__Prompt__
In the records below, find each line containing the word "Women" and copy it.

Materials provided below:

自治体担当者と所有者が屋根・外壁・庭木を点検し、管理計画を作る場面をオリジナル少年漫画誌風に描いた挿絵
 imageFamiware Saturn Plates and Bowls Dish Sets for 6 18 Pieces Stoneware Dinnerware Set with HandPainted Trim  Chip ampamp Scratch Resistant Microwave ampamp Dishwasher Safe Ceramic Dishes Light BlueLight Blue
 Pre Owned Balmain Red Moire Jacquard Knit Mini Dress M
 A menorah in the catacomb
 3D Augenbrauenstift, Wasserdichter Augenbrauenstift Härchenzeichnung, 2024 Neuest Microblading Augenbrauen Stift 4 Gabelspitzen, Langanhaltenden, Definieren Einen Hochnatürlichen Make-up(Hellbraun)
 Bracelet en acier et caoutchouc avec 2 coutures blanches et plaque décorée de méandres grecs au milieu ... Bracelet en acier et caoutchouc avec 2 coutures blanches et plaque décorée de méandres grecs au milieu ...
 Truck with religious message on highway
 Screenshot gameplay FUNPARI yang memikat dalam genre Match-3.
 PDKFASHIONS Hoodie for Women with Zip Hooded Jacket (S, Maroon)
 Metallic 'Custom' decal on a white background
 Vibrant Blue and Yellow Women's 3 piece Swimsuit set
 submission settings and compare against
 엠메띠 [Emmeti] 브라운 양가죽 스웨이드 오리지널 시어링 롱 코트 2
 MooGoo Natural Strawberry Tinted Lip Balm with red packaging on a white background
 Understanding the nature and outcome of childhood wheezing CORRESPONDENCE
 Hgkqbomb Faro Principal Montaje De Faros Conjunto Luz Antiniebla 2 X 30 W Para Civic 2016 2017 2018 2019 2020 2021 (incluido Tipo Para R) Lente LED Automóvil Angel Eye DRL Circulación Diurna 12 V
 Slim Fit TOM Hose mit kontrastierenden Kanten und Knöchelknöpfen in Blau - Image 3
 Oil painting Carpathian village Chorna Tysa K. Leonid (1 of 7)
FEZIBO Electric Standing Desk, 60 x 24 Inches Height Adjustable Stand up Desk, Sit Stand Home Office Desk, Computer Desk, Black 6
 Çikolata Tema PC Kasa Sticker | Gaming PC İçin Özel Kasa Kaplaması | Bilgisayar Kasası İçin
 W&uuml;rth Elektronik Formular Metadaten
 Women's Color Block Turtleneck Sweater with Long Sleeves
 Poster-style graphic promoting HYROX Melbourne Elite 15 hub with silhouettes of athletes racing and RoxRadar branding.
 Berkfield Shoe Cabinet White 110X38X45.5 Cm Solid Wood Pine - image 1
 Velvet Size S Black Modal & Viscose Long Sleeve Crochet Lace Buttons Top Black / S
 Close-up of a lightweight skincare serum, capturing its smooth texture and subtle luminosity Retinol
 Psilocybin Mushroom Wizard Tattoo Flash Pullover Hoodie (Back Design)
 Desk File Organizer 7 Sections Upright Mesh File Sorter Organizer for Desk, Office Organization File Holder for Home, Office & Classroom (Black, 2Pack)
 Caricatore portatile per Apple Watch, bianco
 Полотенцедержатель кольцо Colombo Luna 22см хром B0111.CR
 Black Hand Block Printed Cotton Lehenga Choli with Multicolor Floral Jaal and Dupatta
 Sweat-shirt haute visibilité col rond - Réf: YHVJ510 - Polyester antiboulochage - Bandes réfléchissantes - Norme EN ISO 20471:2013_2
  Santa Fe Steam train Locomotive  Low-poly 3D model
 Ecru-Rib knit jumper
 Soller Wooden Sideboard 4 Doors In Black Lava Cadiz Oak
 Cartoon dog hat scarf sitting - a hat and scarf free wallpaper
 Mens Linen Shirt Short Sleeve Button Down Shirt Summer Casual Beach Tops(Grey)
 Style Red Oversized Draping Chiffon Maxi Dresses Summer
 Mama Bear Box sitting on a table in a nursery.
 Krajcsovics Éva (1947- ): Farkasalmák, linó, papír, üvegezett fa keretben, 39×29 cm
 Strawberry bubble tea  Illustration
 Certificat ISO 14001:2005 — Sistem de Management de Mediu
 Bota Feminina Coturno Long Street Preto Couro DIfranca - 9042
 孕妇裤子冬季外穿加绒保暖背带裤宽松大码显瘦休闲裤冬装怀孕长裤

End of Materials provided.

__Answer section__
 PDKFASHIONS Hoodie for Women with Zip Hooded Jacket (S, Maroon)
 Vibrant Blue and Yellow Women's 3 piece Swimsuit set
 Women's Color Block Turtleneck Sweater with Long Sleeves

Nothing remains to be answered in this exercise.